Information given:
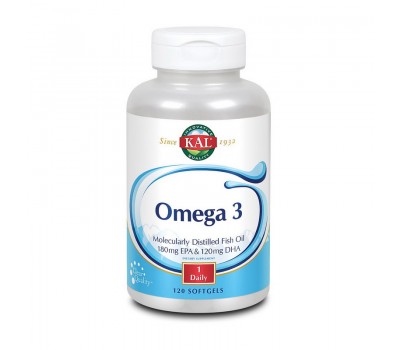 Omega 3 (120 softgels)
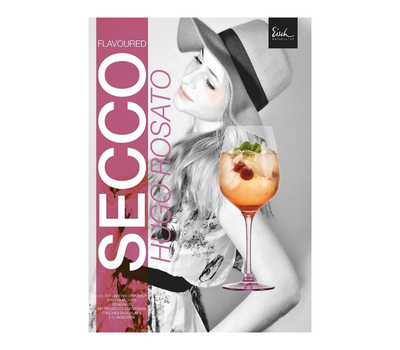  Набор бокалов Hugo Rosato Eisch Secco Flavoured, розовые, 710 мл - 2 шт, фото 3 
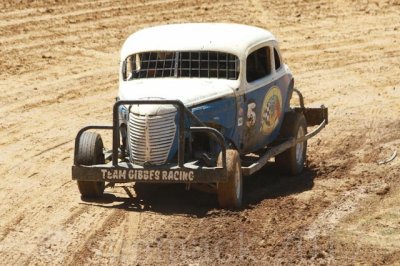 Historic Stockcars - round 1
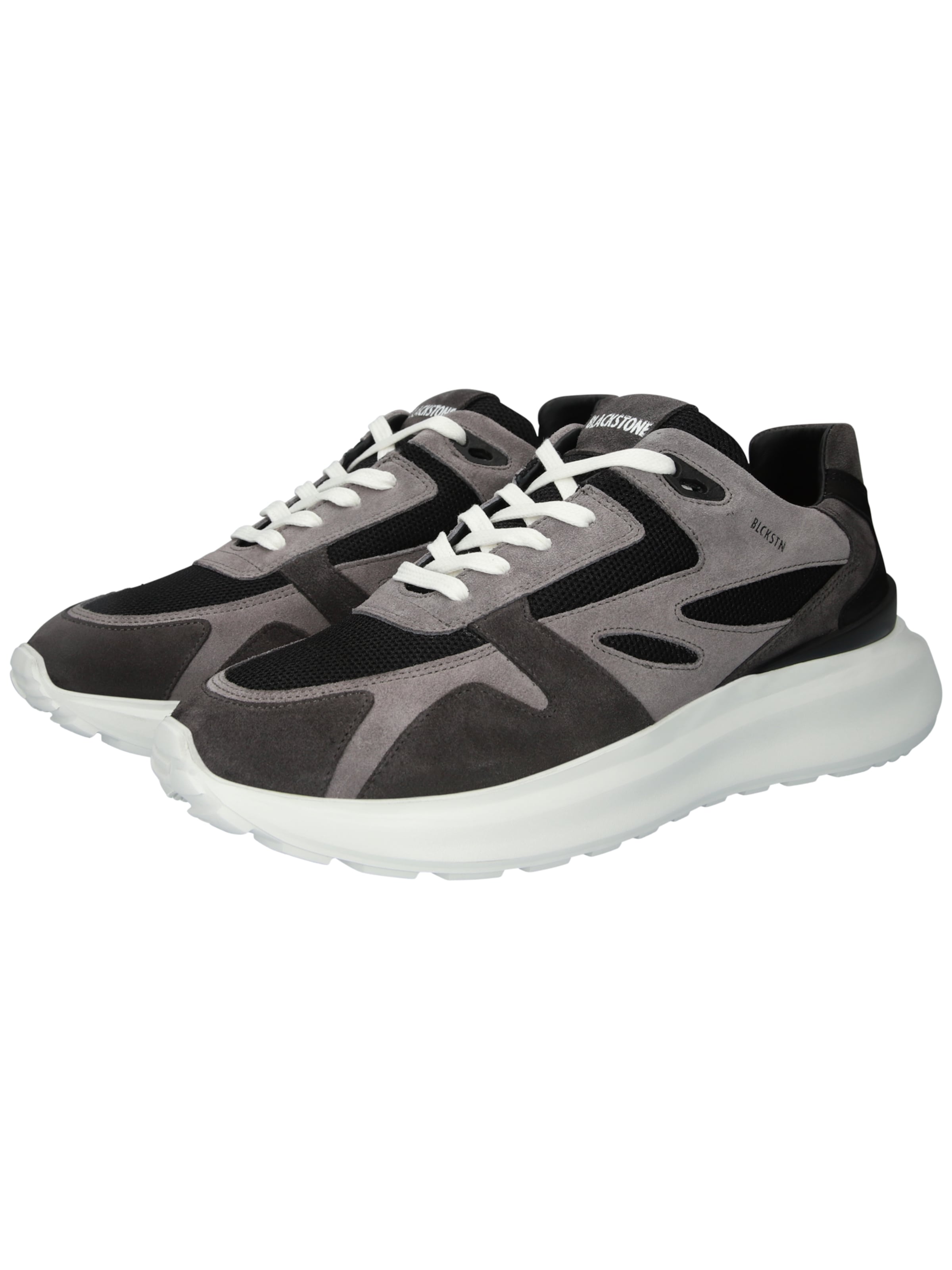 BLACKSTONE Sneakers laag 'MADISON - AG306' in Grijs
* * *
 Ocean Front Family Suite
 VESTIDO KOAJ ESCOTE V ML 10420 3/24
==
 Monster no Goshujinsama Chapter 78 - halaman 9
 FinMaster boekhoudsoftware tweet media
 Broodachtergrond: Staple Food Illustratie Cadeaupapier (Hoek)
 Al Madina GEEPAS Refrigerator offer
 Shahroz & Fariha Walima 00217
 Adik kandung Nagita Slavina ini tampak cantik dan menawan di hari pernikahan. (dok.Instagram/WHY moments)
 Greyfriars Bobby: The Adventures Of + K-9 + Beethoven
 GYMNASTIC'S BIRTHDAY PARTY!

What to work on:
Reproduce verbatim only the segment of the listing bounded by the line containing "Greyfriars Bobby: The" and the line containing "GYMNASTIC'S BIRTHDAY PARTY!", with both boundary lines included.

Solution for this task:
 Greyfriars Bobby: The Adventures Of + K-9 + Beethoven
 GYMNASTIC'S BIRTHDAY PARTY!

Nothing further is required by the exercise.